И если умирать, красиво не иначе!
Багровый рассветNordverG
ВСТУПЛЕНИЕ
История северно-германских племен вызывает значительный интерес широких кругов общественности. Викинги гордые воины в рогатых шлемах, размахивающие боевыми топорами, презирающие смерть, предпринимающие дальние походы за золотом и славой. Но вот они возвращаются домой, совершив ратные подвиги, и скальды боевые певцы, славословят их под звуки некоего струнного инструмента, который в поэтической речи вполне допустимо назвать арфой.
Таков стереотип народного сознания, который воспроизвела не только группа Nordverg. Ничуть не хочу показаться этаким снобом, возвышающимся над толпой. Стереотипное народное сознание ВСЕГДА право, ибо доносит из глубины веков остатки генетической памяти, которая связывает нас с нашими предками. В конце концов, русский язык это НАШ язык, и если мы хотим называть дружинного певца словом СКАЛЬД это НАШЕ право.
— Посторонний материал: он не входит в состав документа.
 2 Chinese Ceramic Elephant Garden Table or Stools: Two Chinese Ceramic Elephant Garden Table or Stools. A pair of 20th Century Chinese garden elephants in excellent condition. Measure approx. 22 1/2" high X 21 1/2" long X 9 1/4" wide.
Но кроме стереотипного народного сознания существует еще тонкая прослойка «научного знания». Я беру эти слова в кавычки, потому что «научное знание», в отличие от народного, обладает лишь относительной истиной, которую некоторые снобы от науки считают абсолютной. Вчера наукой было установлено, что Солнце вращается вокруг Земли, сегодня что Земля вращается вокруг Солнца, вчера говорили, что две параллельные прямые никогда не пересекутся, сегодня что они очень даже пересекутся. Список якобы истин можно продолжить в бесконечность.
Итак, сегодня наука считает, что скальды это поэты-декламаторы Северной Германии (Дания, Швеция, Норвегия), которые произносили свои стихи-висы без музыкального сопровождения.
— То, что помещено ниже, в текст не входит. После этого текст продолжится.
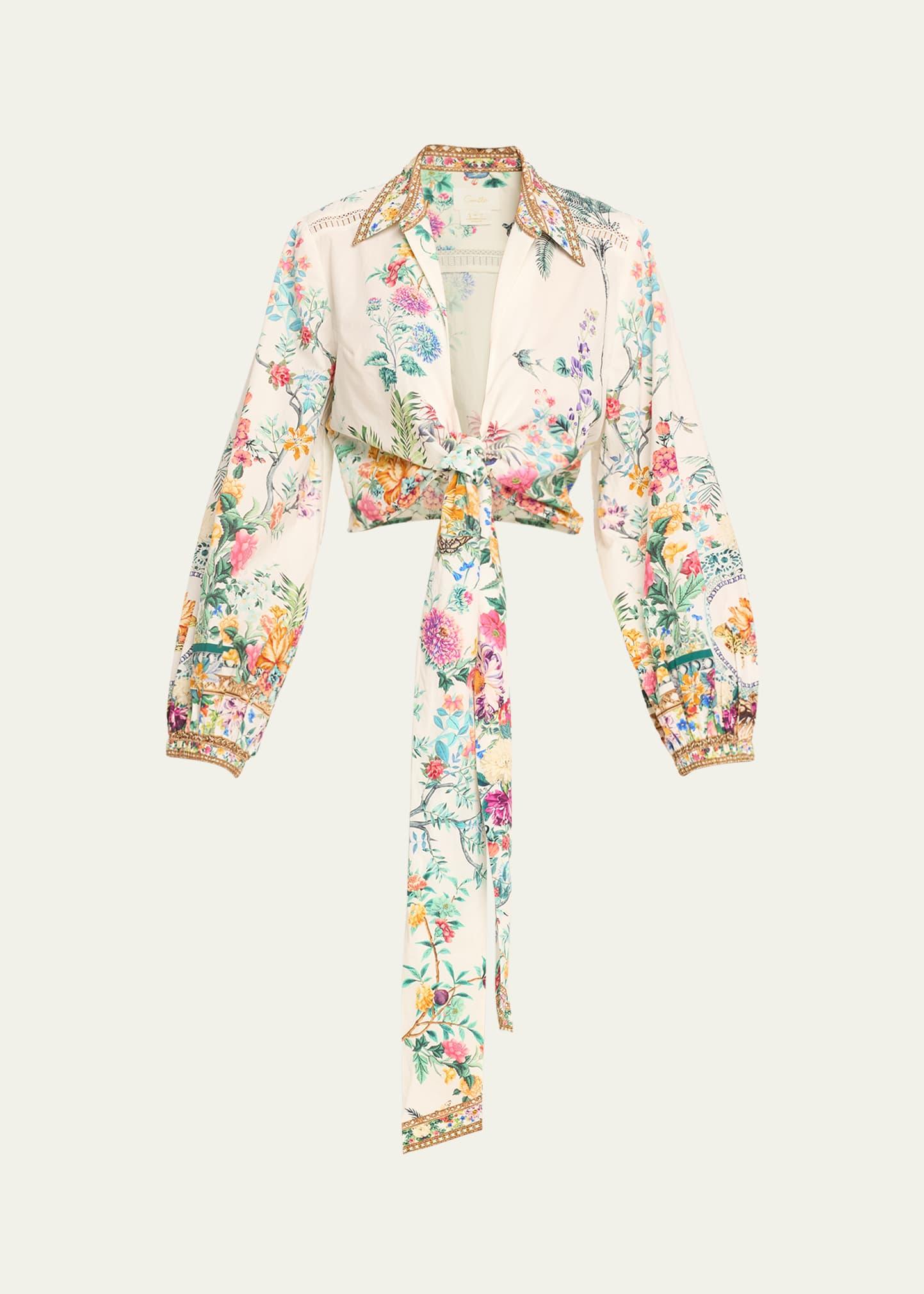 cropped tie-front organic cotton poplin wrap shirt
Так, значит, «Nordverg» ошиблись? Нет, они не ошиблись в главном, донеся до нас самый дух скальдической поэзии: эстетизация героической смерти. «Умереть красиво» это было то, к чему стремился каждый северянин, а для него это значило в первую очередь смерть в бою и посмертную славу, которая сопутствовала ТАКОЙ гибели. Поэзия скальдов это в первую очередь героическая поэзия героического времени.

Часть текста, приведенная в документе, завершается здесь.